Duke researchers discover mouse love songs

Duke researchers discover mouse love songs
Duke researchers discover mouse love songs

Male mice have a startlingly complex repertoire of singing styles that are mostly involved with the attraction and pursuit of females. While Scientists have known that mice sing for 50 years, the variety of songs and the purpose has been deciphered by Erich Jarvis, an associate professor of neurobiology at Duke University, and Abhra Sarkar in Duke’s Department of Statistical Science.
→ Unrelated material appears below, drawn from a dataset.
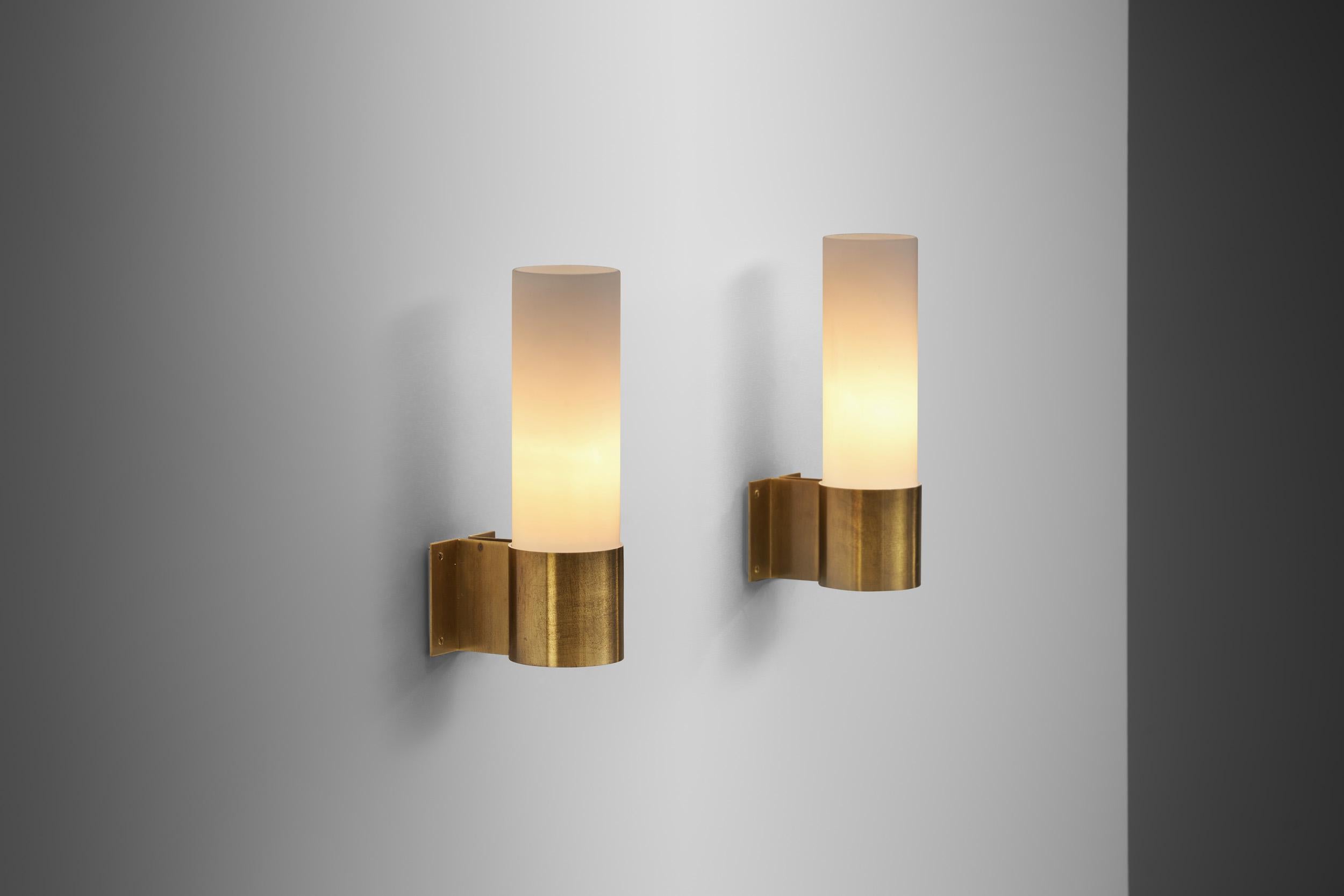 This pair of wall lamps of Fog & Mørup production were designed by architect and designer Professor Jørgen Bo. Like the architect/designer’s other creations, these wall sconces are brilliant in their simplicity, true timeless pieces.

Dating from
Mice sing in an ultrasonic range that cannot be heard by humans. The researchers developed a computerized analysis that accounted for tempo, volume, and frequency of mouse vocalizations in different social situations. The mouse recordings have been uploaded to “MouseTube” a growing repository built by scientists at the Institute Pasteur in Paris.

The researchers found that male mice sing louder and more often when they smell a female nearby or smell a female’s urine. The mice soften their songs when a female is in visual range. The entire singing behavior is associated with mate attraction. No direct evidence exists but the soft singing may make a female mouse more receptive to mating. The proposition is based on the fact that female mice responded differently to different types of singing.

The mouse song repertoire is not as complex as that of birds or humans. Crooning mice may be a clue to the chemical and neurological deficits that occur in autism and other human communication disorders. The ultrasonic singing of mice could be converted to sounds that are audible to humans. A human vocabulary could be associated with each syllable of mouse singing. The next big hit in pop music might be a mouse tune.